我々は朝食をとりながら、インドを支配するために植民地時代にイギリス人が建てた建物をいまだにインド人が残しているのはなぜか?と質問をした。われわれがこの質問をした理由は、ゼミの夏休みの課題で、吉岡昭彦著『インドとイギリス』(岩波新書)を読んで感想文を書いたとき、その中でゼミテンの1人が、「近年隣国の韓国が、かつて日本が朝鮮を植民地にしたときに建てた朝鮮総督府の建物を壊したことと比べると、英植民地時代の建造物がインドにほとんど手付かずで残っているのはなぜなのだろうか」という趣旨の疑問を提起したからである。インド人も、イギリスの植民地支配と激しく闘って、独立を勝ち取った。だから、インド人がイギリスの建造環境をそのままカルカッタに残しているのは、日本人の感覚からすると理解できないところがあるのだ。
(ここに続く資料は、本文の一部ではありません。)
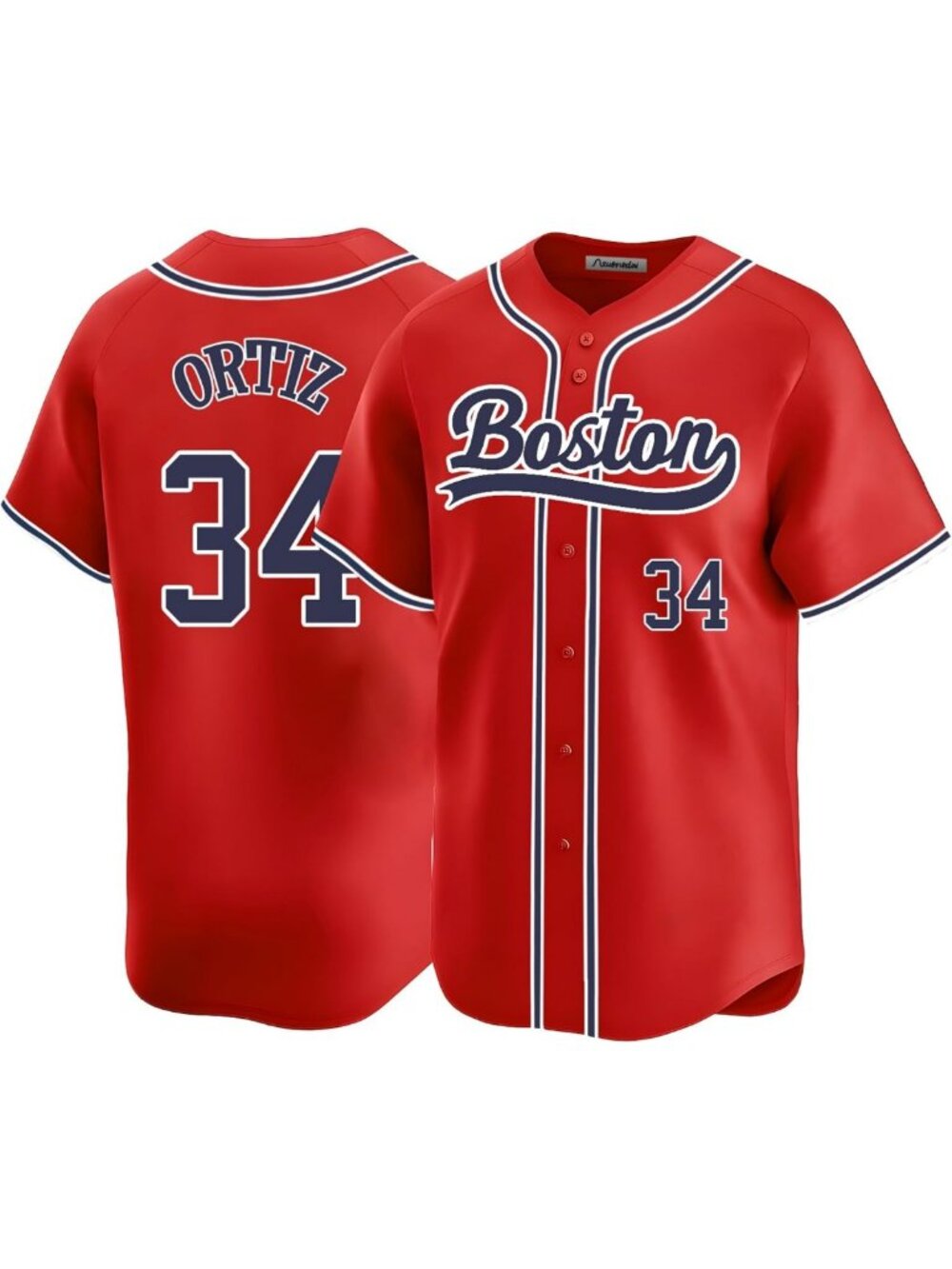 Unisex Boston Baseball Stitched T-Shirt for Men, Women, Youth & Kids - Casual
これに対し建築家チャクラボーティ博士は、建築家の立場から見て、建築には普遍的なの美がはらまれており、「美しいものは美しい」のだ、だからこれらの建物はインド人にとっても美しいと感じられるし、使いやすい、と答えた。しかも、イギリス人はローマやギリシアの建築様式を受け継いだだけで、その様式はイギリス独自のものではないのだから、だからこれらの建物を、イギリス植民地主義の表明と単純にとらえる必要はないのだ。そもそも、これらの建物はイギリス人自らがつくったわけではなく、イギリス人は設計をしただけ、実際に建てたのはインド人労働者である。今、インドには、これらを壊してよりよいものを建て直す費用がない。この建物よりも優れたものをインド人自身がつくることができないのであれば、むしろそれを残して使うべきである。それに、仮にこれらの建物を壊したからといって、英国によるインド植民地支配という歴史が消えてなくなるわけではない。むしろ、つくられた建物を現代の経済・社会に対する資源と見なすべきだ、ともいった。この考え方はインドの建造物が残るスリランカやパキスタンも同じだという。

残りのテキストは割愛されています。